This necessity got to Goldsworthy early. From the age of 13 he worked on farms as a labourer. Most of the lads wanted to drive tractors but he never fancied that much, rather he liked the repetitive quality of farm tasks, which he likens to the grind of making sculpture. 'A lot of my work is like picking potatoes,' he says. 'You have to get into the rhythm of it.'

He always assumed that he might have to work as a gardener or a farmer for the rest of his life, which he says would have suited him fine as long as he could do his work. He was learning all the time. 'Farming is a very sculptural profession. Building haystacks or ploughing fields, burning stubble. And it is a brutal thing, too. Go round the back of any farm and there will be a pile of dead lambs. Farmers see more death than anyone.'

Goldsworthy engages and worries about the consequences of our general disconnection from the land and the food chain. He wants to confront the fact that for urban people the country is just something nice to look at on a Sunday out.

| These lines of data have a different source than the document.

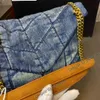 Loulou Puffer Denim omuz çanta çanta çanta lüks tasarımcı tote çantaları kadın kovboy Messenger Fleps çantaları çapraz kavrama 308n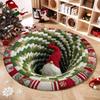 60*60cm Christmas Round Carpet 3D Special-shaped Crystal Velvet Santa Claus Floor Mat Anti-Slip Atmosphere Decoration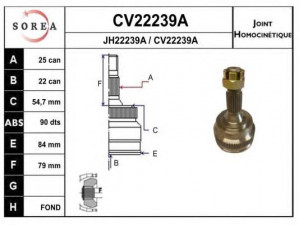 EAI CV22239AK jungčių komplektas, kardaninis velenas 
 Ratų pavara -> Sujungimai/komplektas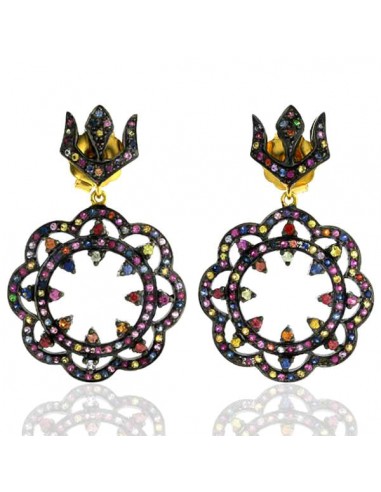 2.46ct Multi Sapphire 18k Solid Gold 925 Sterling Silver Dangle Earrings Jewelry JUSQU'A -70%! 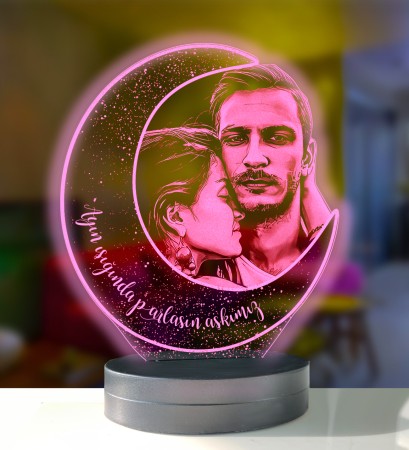 Kişiye Özel 3D Resimli Ay Figürlü Led Gece Lambası - Thumbnail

'Some of my work addresses that very directly,' he says. 'I did a series of photos which were just of me skinning a rabbit, just that. The smell and the blood and the shit. You have no idea. It is not gratuitous, it is like the sheep paintings in there, done by sheep on canvas. I hope people will look at them first as landscape paintings, and then make the connection that farmers are creating sculptural landscapes all the time. The gallery window here overlooks the farmed landscapes. One of the main reasons it looks so green and beautiful is the amount of sheep shit on it. I'm going to smear the windows because I want people to look at the landscape through shit and see the connection between the two.'

I suggest to him that his preoccupation with meat and death links him to Damien Hirst, a near contemporary from Leeds. Goldsworthy uses the implications of those facts of life in a different way though: not as a negative, but as a suggestion of natural process and renewal. 'Well,' he says, 'I enjoy the raw shock of Damien Hirst. But for me art has to be more than shock. I would rather subvert things, try to make people look at them differently.'

After college in Lancaster, when he spent most of his time on the beach at Morecambe making rock sculptures, Goldsworthy settled in Dumfries: 'I had no money and it was cheap.' His agent offered him a small fortune in contracts to relocate to London, but he declined. It is as impossible to imagine Goldsworthy living in Hoxton as it is Gilbert and George in the Dales. He is a man of nature, and part of him wants to remind us, somewhere deep down, that we all are.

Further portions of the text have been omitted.